I'd like to talk a little about abstractions for communication. In particular, I want to talk about a favorite workhorse of the data science community these days: Jupyter notebook. For those unfamiliar with it, Jupyter users work with blocks of code called "cells." Each cell has an opportunity to produce a result, which is then displayed inline, immediately after the cell. This makes it a lot easier for users to break up complex tasks, showing intermediate results inline with the rest of the code.
Let's spend a little time digging in to how this works. For each language that supports Jupyter (python, scala, ruby, and more...), the developers have created a way to snapshot the language's state: global variables, runtime information, file handles and more. They call this a kernel. When you execute a cell, Jupyter loads the kernel, runs code against it, and saves the result.
This means that if you want to have code in one cell talk to code in another cell, the natural way to do it is to create a global variable. The fundamental communication abstraction in Jupyter is the kernel. On the one hand, this is a very powerful abstraction: anything that you can represent using a global variable in Python can be sent. On the other hand, it also means that the main way to communicate is through language-specific binary blobs.
At UB, we're working with NYU and IIT on a data exploration tool called Vizier. Expect to hear more about Vizier here in the coming weeks and months, but what I want to focus on right now is the fact that cells in Vizier talk through tables (or DataFrames or Relations, if you like). The fact that they're tables isn't even all that important; What we care about is the fact that they're in a standardized format that Vizier understands.
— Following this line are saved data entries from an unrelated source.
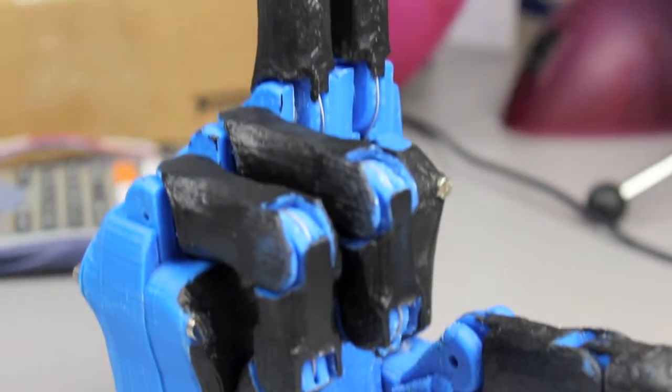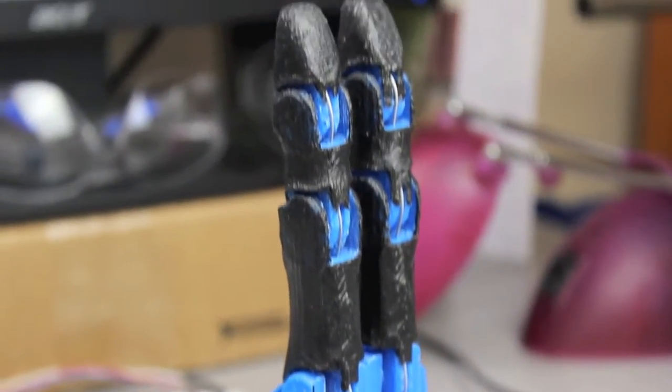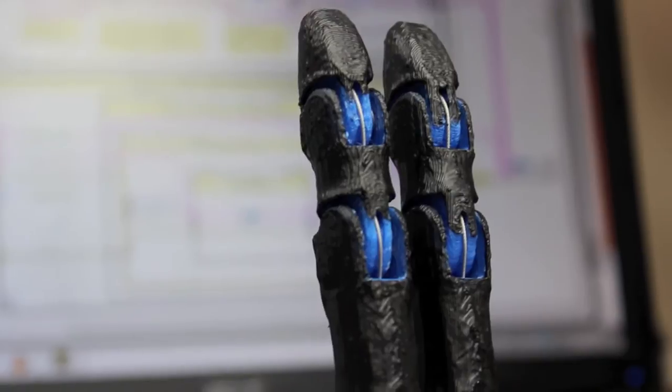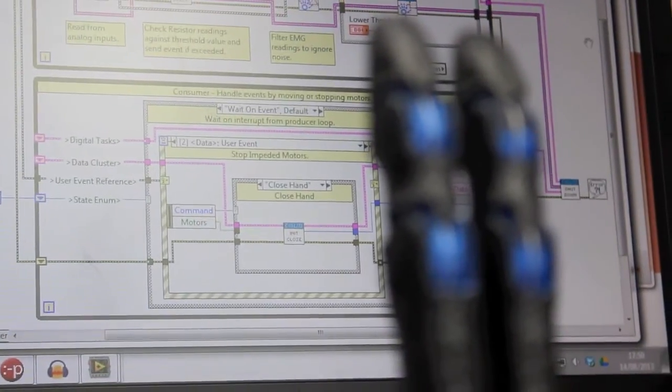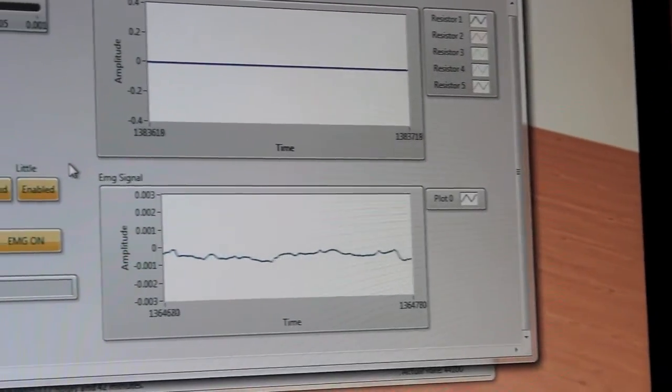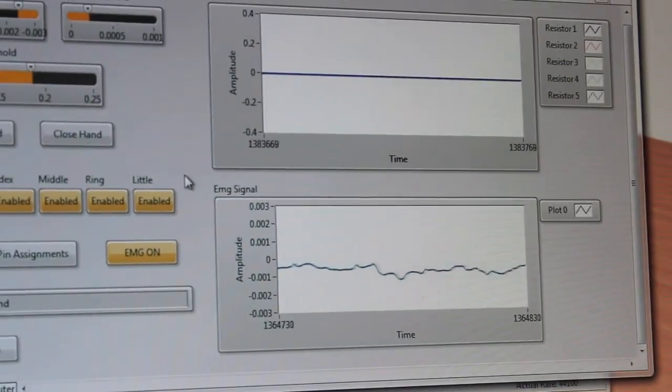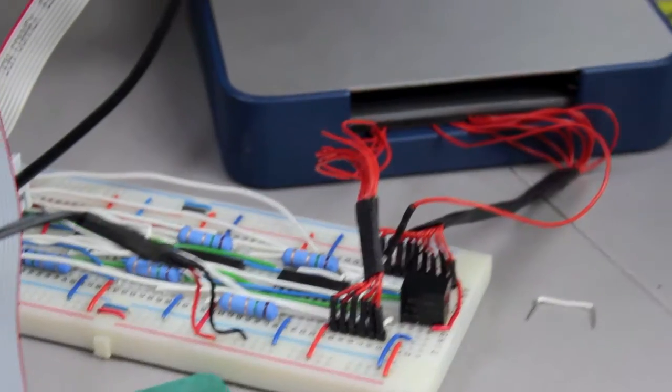The black coating that you can see on the hand is PlastiDip, which is like a rubbery coating which gives the hand a better grip. And it connects up to LabVIEW software through a National Instruments data acquisition device just as before.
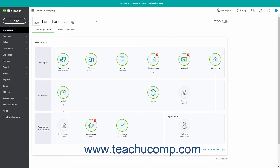QuickBooks Online Plus lets you create batch invoices only for customers that have unbilled activity.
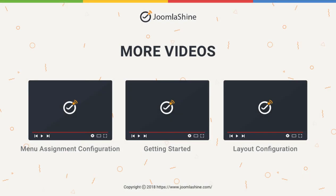Thank you for watching. Please check our other videos to learn more about how to work with the JSN Sun Framework.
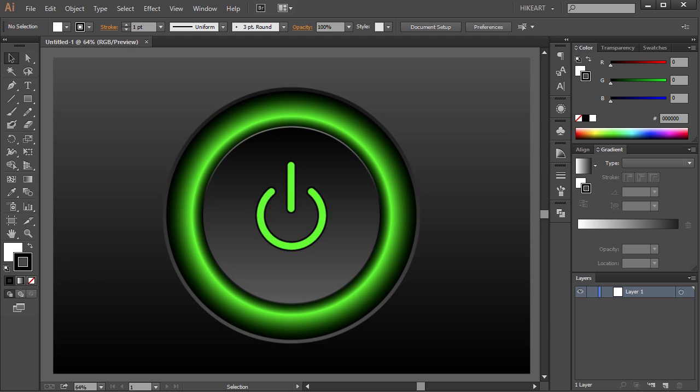Hello, today I'm going to show you how to make this power button. First we will create a background.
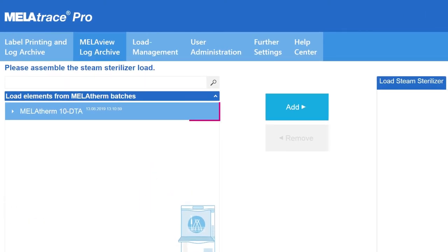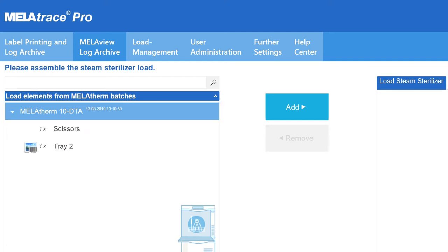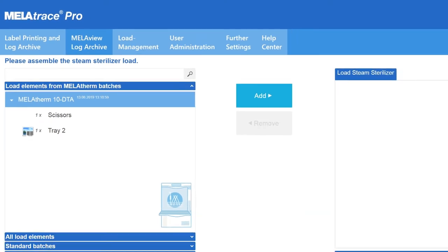Mieleferm batches already approved will be displayed. Click on the small triangle to open the load configuration. In this example, tray 2 should be placed in a sterilization container.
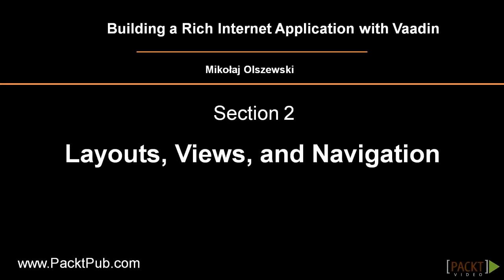Previously, we have set up Eclipse, went through the basic principles of web application development with Vaadin and defined rough requirements for our sample application Recipe Book.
This is why data debugging in Vizier is easier, and why we expect to be able to provide some powerful query optimization down the line. Again, more on each of those as they develop.
What I want to focus on today is interoperability. Because all communication in Vizier happens through tables, you can write a python script that transforms data in one cell and a SQL query over the same data in the next. Better still, it means that we can allow direct manipulation of data: For Vizier, we're developing a new language called Vizual. Every expression in Vizual corresponds to an action in a spreadsheet (rewriting a cell, adding a formula, etc...). So, you can write a python script, manually fine tune the output table as a spreadsheet, and then query the results. None of that would have been possible if the underlying communications abstraction was opaque to Vizier.